▽
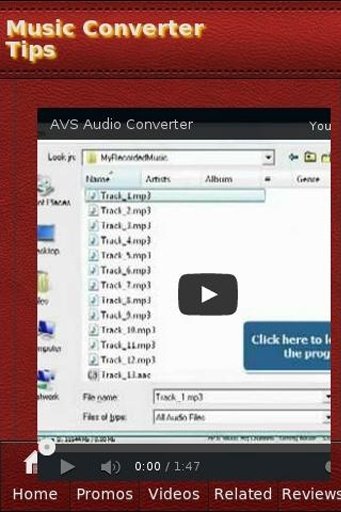 Music Converter Tips截图8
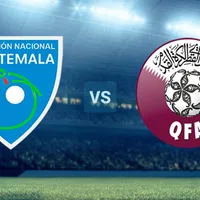 Guatemala vs Qatar: horario y cómo seguir EN VIVO el Amistoso Internacional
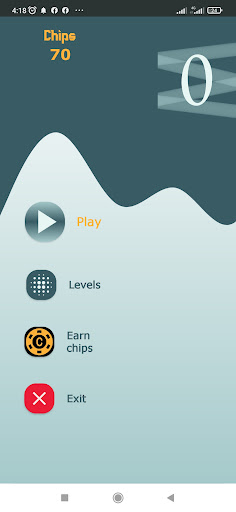 Android application Warm brain screenshort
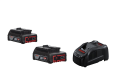 Bosch GBA 2x2.0ah + GAL 1880 cv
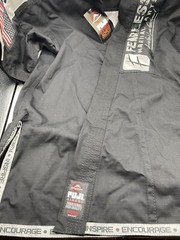 Fuji Sports Gi Gear Martial Arts Kimono, Size A3, Short Sleeve + Belt, 83977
△
■ What to produce:
With the pictures left out, output the lines from the one containing "Bosch GBA 2x2.0ah + GAL 1880 cv" through the last line of the records above, exactly as they are.

■ Result:
 Bosch GBA 2x2.0ah + GAL 1880 cv
 Fuji Sports Gi Gear Martial Arts Kimono, Size A3, Short Sleeve + Belt, 83977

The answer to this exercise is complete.